** SUPPLIED ENTRIES follows **

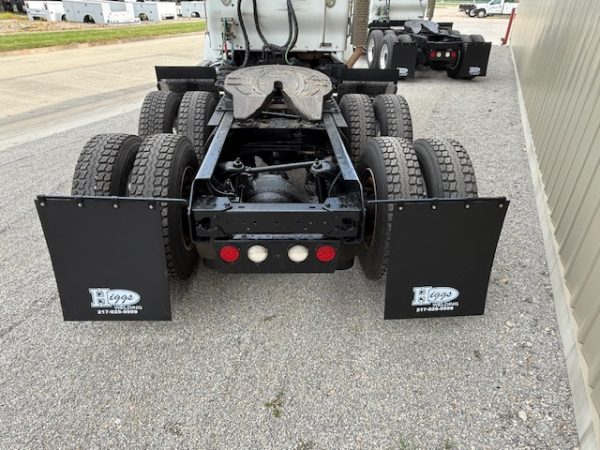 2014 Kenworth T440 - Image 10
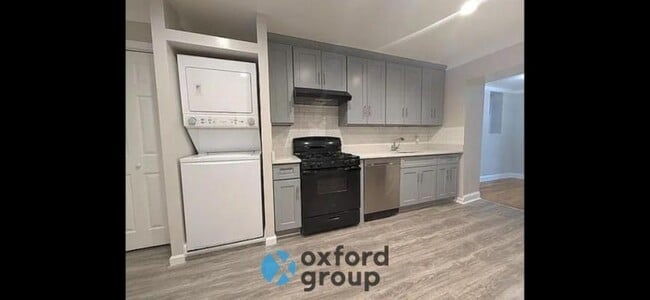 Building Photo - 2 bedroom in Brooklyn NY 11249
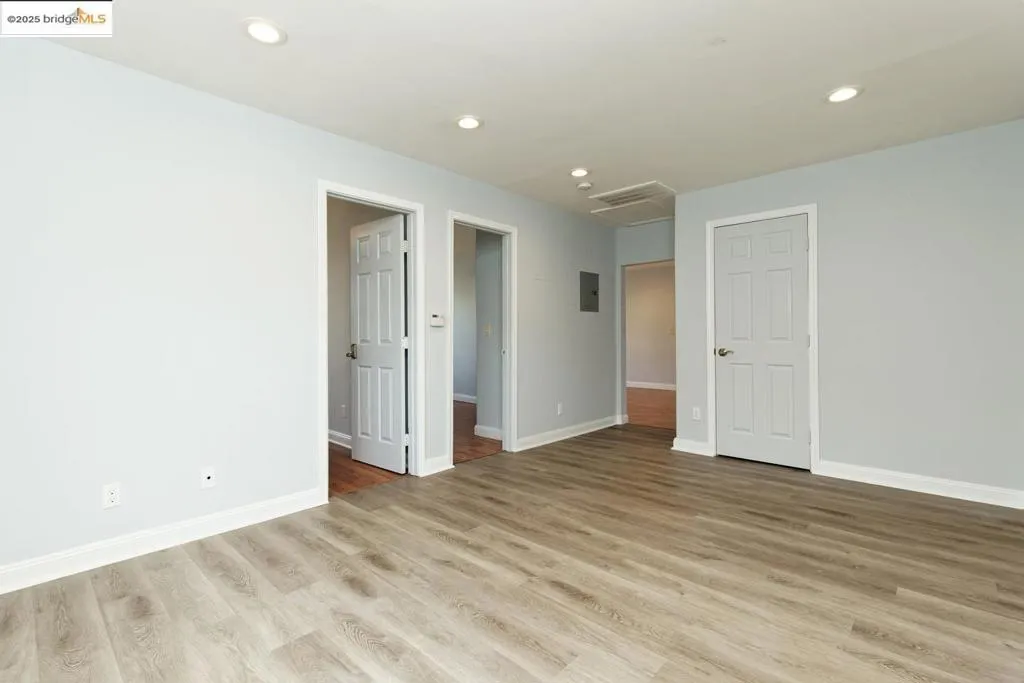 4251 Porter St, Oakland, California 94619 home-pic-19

** End of SUPPLIED ENTRIES **
** SUPPLIED ENTRIES follows **

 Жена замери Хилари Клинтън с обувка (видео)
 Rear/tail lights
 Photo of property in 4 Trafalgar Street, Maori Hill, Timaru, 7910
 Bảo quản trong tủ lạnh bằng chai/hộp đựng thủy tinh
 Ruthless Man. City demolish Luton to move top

** End of SUPPLIED ENTRIES **

*WHAT TO DO:*
Everything starting at the line containing "Photo of property" and ending at the line containing "Ruthless Man. City" in the records above should be repeated exactly, and only that.

*EXERCISE RESULT:*
 Photo of property in 4 Trafalgar Street, Maori Hill, Timaru, 7910
 Bảo quản trong tủ lạnh bằng chai/hộp đựng thủy tinh
 Ruthless Man. City demolish Luton to move top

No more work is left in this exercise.